Strict regulations stifle a green cannabis industry
Published on November 20, 2020 by Roohi Sahajpal
If you’re looking to buy the most sustainably grown cannabis in Canada, you may have to wait a bit longer.
Producing the greenest cannabis is still in its infancy, say growers and advocates.
Mikael Rykes and Sam Mik are two growers for Good Buds Co., a craft certified organic cannabis farm on Salt Spring Island, BC. They say that sustainability was easier in the legacy market. While current Health Canada regulations do make it tough, it’s possible if companies take the initiative.
“It can be challenging with the regulations because there are certain things we need to comply with in terms of packaging requirements and microbial limits,” says Rykes, the master grower at Good Buds.
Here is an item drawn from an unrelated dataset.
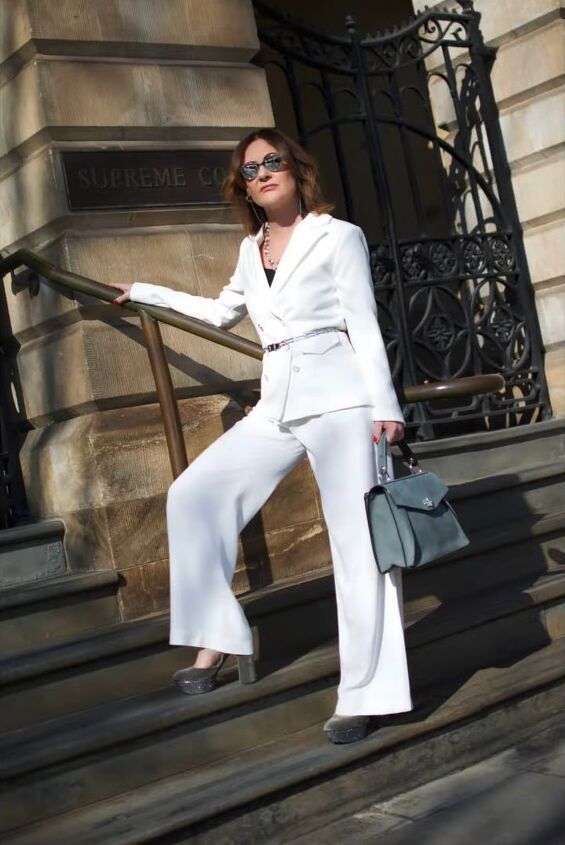 how to rock all white outfits in your 50s, Example of how to wear a white blazer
He has over 16 years of experience in cannabis cultivation.
The farm currently grows indoors and outdoors in a greenhouse, with the whole facility running off collected rain water and natural springs.
“We do a lot of cover cropping and inner cropping, which is super beneficial both economically and sustainably. By cover cropping and inner cropping, we’re preparing the soil and improving fertility by filling back in our cover crops. It also attracts a lot of beneficial insects and has eliminated any need for spraying organic pesticides or fungicides,” adds Mik, who previously worked in the cannabis market in California and has been working in licensed cannabis production in Canada for almost three years.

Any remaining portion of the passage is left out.